As a child, I used to spend large amounts of time doing nothing. It fed my imagination, fueled my dreams, and most importantly it taught me how to be aware of myself. I grew up in a small town in a little house in the middle of 20 acres. Away from the house and in the tall grass sat a group of large, concrete culverts just waiting to be burried. In summer, I’d lay on top of these culverts and watch the clouds and imagine. I would imagine endless things about what I might want to become and how I wanted my life to be. When the sun became relentless and hot, I’d curl up inside one of these culverts where the concrete was cool and the breeze would blow through the opening. Sometimes I’d read. Sometimes I’d day dream. Sometimes I’d just think and follow wherever my mind would lead. I miss those days. I miss how much I learned simply by doing nothing.
Starting my career in the business world, I was surrounded by methodical and anlytical thinkers. Being somewhat methodical and analytical myself, I found this appealing. There was so much to learn from them. They were all hopping on this brave new bandwagon of time management. After all, who wouldn’t want to manage and wrangle time? There was, of course, a seminar (on cassette tape) and a system. Ah, the system. It came in a big box complete with a handy binder and a myriad of pages, tabs, and even satellite pages. There were lists and habits and values and goals! The incorporated to-do list not only had space for you to write down all the things you thought you should be doing, but it also had a place to prioritize all of these things. If that wasn’t enough, you were even able to rank the priorities! I was going to get so much done! Little did I know, in that moment of opening that expensive box, I empowered “The List,” a highly organized little slip of paper that would bludgeon me for the better part of my life. It would whisper to me that I wasn’t doing enough. It would remeind me that I had not done enough. It would tell me I had mis-prioritized. It would slowly and systematically label me a failure. But I was busy — working from the list. In being busy I appeared successful. There was a certain comfort slowly suffocating under so many self-imposed tasks.

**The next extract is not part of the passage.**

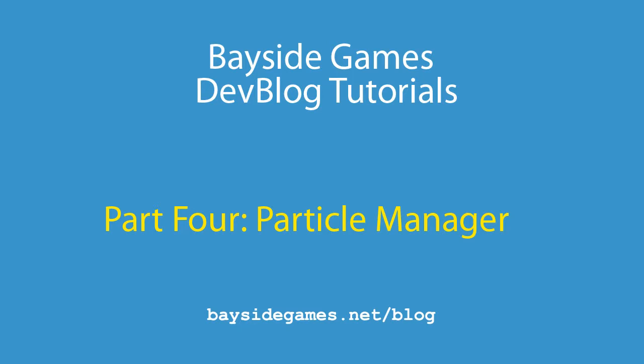Hi, my name is Derek and you're watching the Bayside Games Dev Blog for Robots Can't Jump Our Game, and today we're discussing creating a particle manager.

Parenting added an entirely new dimension to being busy. The lists from my young adulthood had morphed into layered lists that had tasks for me as a professional and tasks for my roles as husband and father. It was like three dimensional chess. Any task completed in one dimension left room for more to be done in another. The lists began to build even before my children were born. There were baby books to be filled out (still not finished, by the way,) accounts to be created, rooms to be decorated and keepsake boxes to order. The books on parenting told me I must do these things! There were lists on how to feed, how to diaper, how to console, how to rock to sleep, how to sleep! I kept telling myself I could do all of these things methodically and analytically. The balls began to drop. First in one dimension, then the other. The lists loomed like shadows across every day. All I could do any more was think in a linear fashion of moving from task A to task B. Then one day — I laid in the floor and did absolutely nothing with my children.

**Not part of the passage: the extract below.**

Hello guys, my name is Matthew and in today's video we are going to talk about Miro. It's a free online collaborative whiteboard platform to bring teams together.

It was as if a long forgotten world had opened up. In one minute I was a mountain to be climbed and the next my hair and my eyelids were being tugged just to see how they worked. I suddenly saw the world through their eyes. It looked a lot like an empty field on a summer’s day. My connection with the world, long contorted by lists and shoulds, suddenly stretched out like a cat on a culvert. The way the world felt was suddenly alien and familiar all in the same moment. I could breathe. I could think. In that present moment, the world became much more clear, anxiety subsided and joy rushed over me. It didn’t matter what tasks had come before or what tasks needed to come after. That moment of doing nothing was perfect.
We have become far too busy. We have lost the ability to see the world with a child-like wonder. Sure, as adults we have to get things done, but there is a balance. We have to make room for nothing. We have to take the time to let our minds wander, take the time to ponder the quiet, and take the time to just be alone with ourselves. That time is when we innovate. It’s when we imagine. It’s when we create. I try to give my children some moment of absolute boredom every day. Nothing planned. Nothing expected. They’ll learn what to do with it and hopefully prioritize it as they get older.
Busy people check things off lists. They get lots of things done. But in the end, they are unfamiliar with themselves and the people who matter. It is in that sweet and wide open nothingness that we can find, define, and create our own success. Take some time, lay on your back, watch the sky. Do nothing. I dare you.